In this blog post, we will delve into the detailed steps required to successfully lien a construction project in Florida.
What Are the Steps to Lien a Project?
Step 1 – Sending the Notice to Owner (NTO)
The first crucial step to lien a project is sending a Notice to Owner (NTO). However, if you have a direct contract with the property owner, you may not need to send an NTO. Failure to send an NTO can prevent you from filing a lien later, or if the NTO is sent after the deadline, it could render your lien invalid.
The timeline for sending the NTO is determined by the date of first furnishing labor or supplying materials to the project. This date is referred to as "Day 1." The NTO must be sent by Day 40 to ensure that it is properly served and stamped by the United States Postal Service (USPS). If the Notice to Owner Florida Form is not received by the 45th day, it loses its validity. An important exception to this rule is when dealing with specially fabricated materials, where the 45-day clock starts ticking as soon as fabrication begins.
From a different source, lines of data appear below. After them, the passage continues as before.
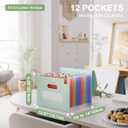 ThinkTex Accordion File Organizer, 12 - Pocket Expanding File Folders | for Receipts, Bills & Taxes Organizer, Letter/A4 Size Document Holder for School, Office, Home with tabs-Sage Green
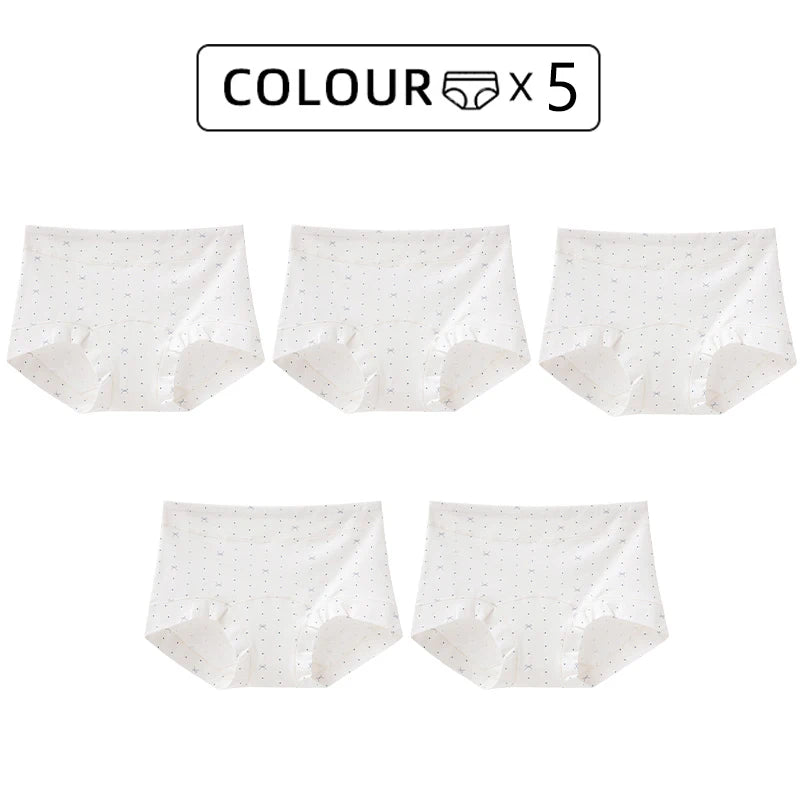 FallSweet 5/10PCS Plus Size Cotton Panties Seamless Women Mid-Rise Underwear Soft Breathable Underpants Briefs Female Lingerie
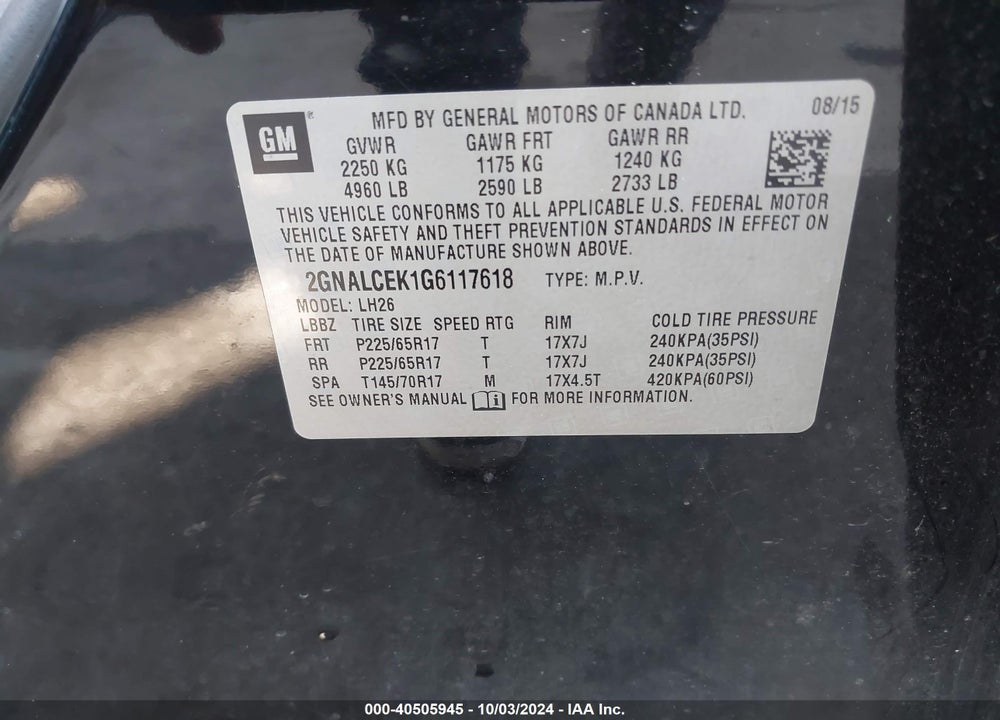 2016 CHEVROLET EQUINOX LT VIN: 2GNALCEK1G6117618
Step 2 – Preparing the Lien with the Correct Form
A critical aspect of the process is preparing the lien using the correct form. In Florida, a Notice to Owner is a specific legal form that needs to be filled out accurately. This form can typically be downloaded from official sources or obtained through legal resources. It's essential to adhere to the proper format and content requirements outlined in Florida Statute 713.08.
Step 3 – Determining the Last Day on the Job
Timing is of the essence when you plan to lien a construction project. You have a window of only 90 days from the last day you worked on the property to file a lien. Waiting until the last minute could jeopardize your ability to record the lien in time. To ensure best practice, it's recommended to file the lien within 60 days from the last day of furnishing labor and/or materials.
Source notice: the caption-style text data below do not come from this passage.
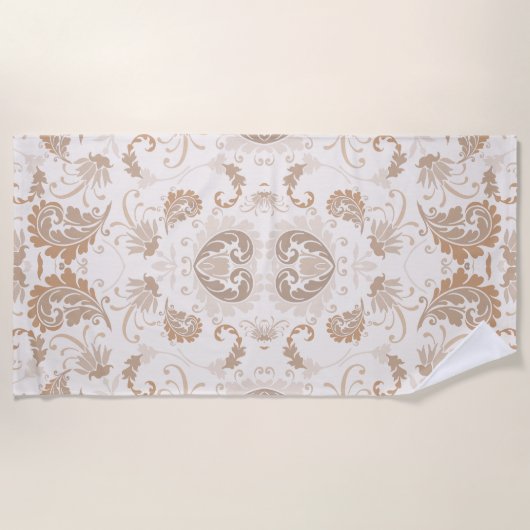 Paisley in Beige Esthetische Modern Tan Brown Strandlaken (Voorkant)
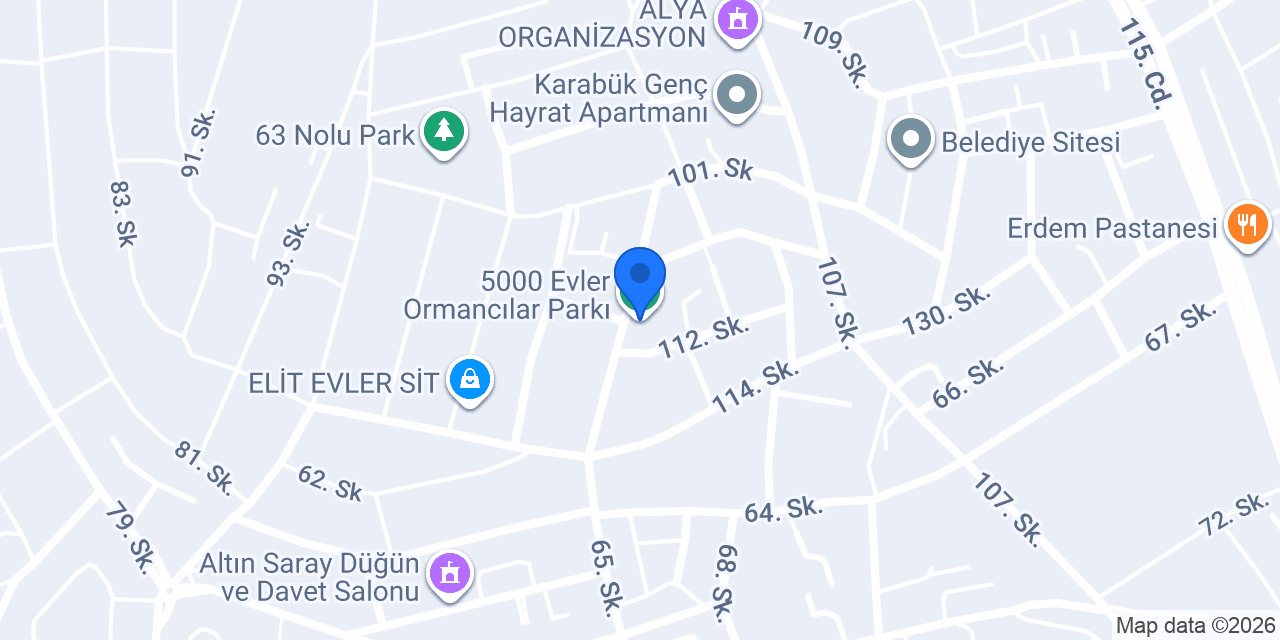5000 Evler Ormancılar Parkı konumu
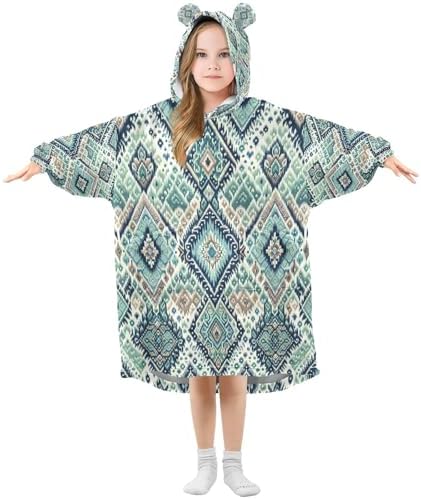 Ikat Pattern Wearable Blanket Hoodie for Kids, Warm Cozy Sherpa Blanket Sweatshirt With Pocket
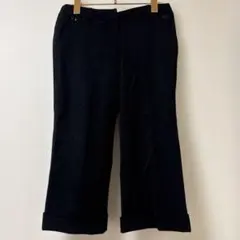 自由区　レディース カジュアルパンツ ブラック 裾ロールアップ　XS クロップド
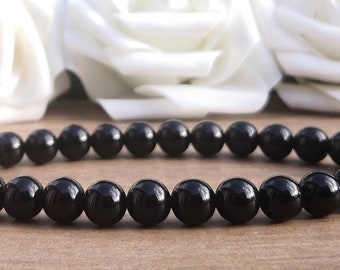 Black Obsidian Bead Bracelet For Men, Chunky 8mm Black Stone Bracelet For Women, Natural Bohemian Stretch Fit Bracelet, Handmade Bracelet UK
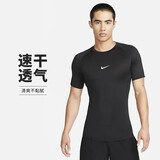 耐克NIKE春夏男短袖圆领T恤 运动休闲时尚打底衫FB7933-010黑M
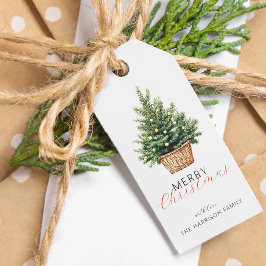 Kerstboom met landelijke uitstraling, gepersonalis cadeaulabel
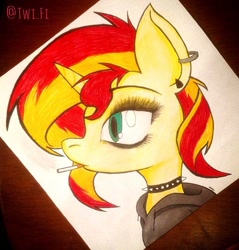 Size: 640x669 | Tagged: safe, artist:@twi.fi, sunset shimmer, pony, unicorn, cigarette, clothes, ear piercing, piercing, smoking, solo, traditional art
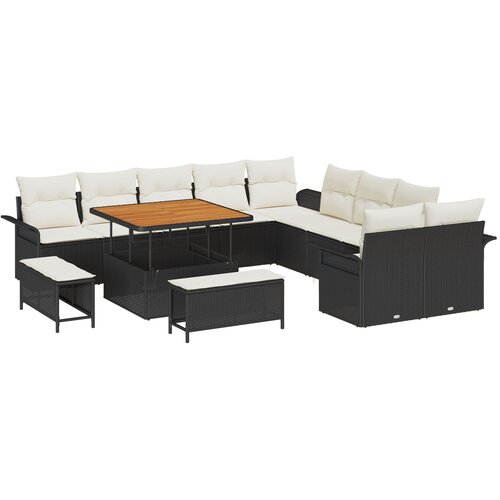 vidaXL 13 dijelni set vrtnih sofa s jastučićima crni poli ratan akacija, dvosed vrtna sofa s jastučićima crni poli ratan, 3-dijelni set vrtne trpeze s jastučićima crni poli ratan akacija Cijene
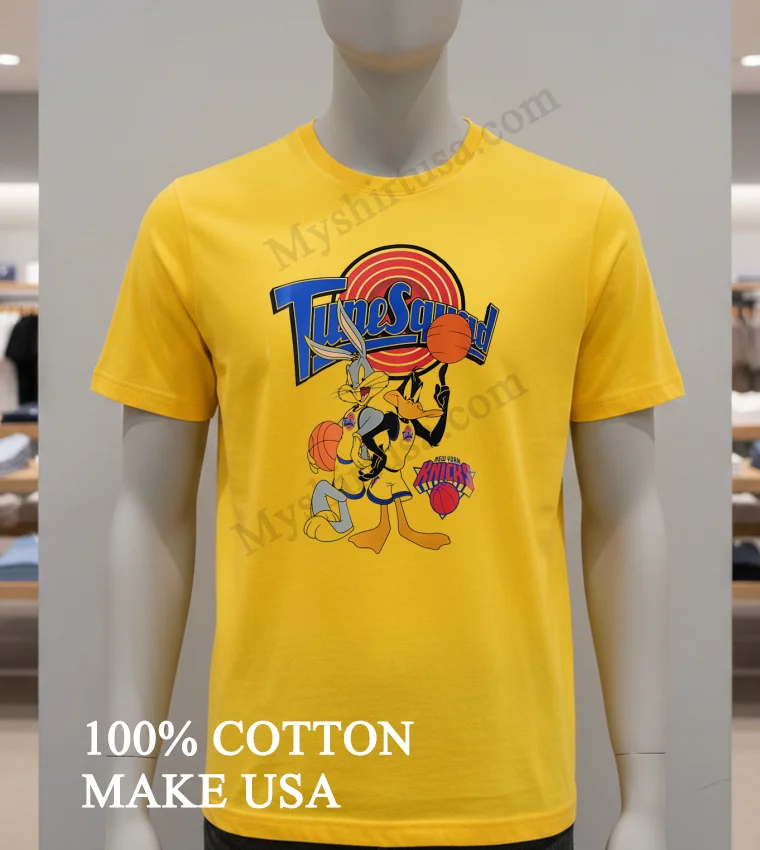 Tunesquad Bugs Bunny Daffy Duck Basketball Target Background New York Knicks Sports Shirt - yellow-t-shirt Tunesquad Bugs Bunny Daffy Duck Basketball Target Background New York Knicks Sports Shirt Yellow T Shirt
Step 4 – Recording the Lien in the Appropriate County
The next step is to record the lien in the appropriate county. A lien is recorded in the county where the improvements are being made. For instance, if you're working on a project in Miami Beach, Florida, you would record your lien in Miami-Dade County. Recording the lien in the wrong county can lead to complications and potential challenges in the future.
Step 5 – Mailing the Lien
After successfully recording the lien, it's crucial to mail copies of the lien to all relevant parties involved in the project within 15 days. This mailing must be done by certified mail. Failing to mail the lien copies can invalidate the lien, rendering your efforts ineffective.
All of the above steps contribute to the successful execution of the lien process. Adhering to these steps ensures that your rights as a contractor, subcontractor, or supplier are protected, and you have the legal means to pursue payment for the work and materials you've provided.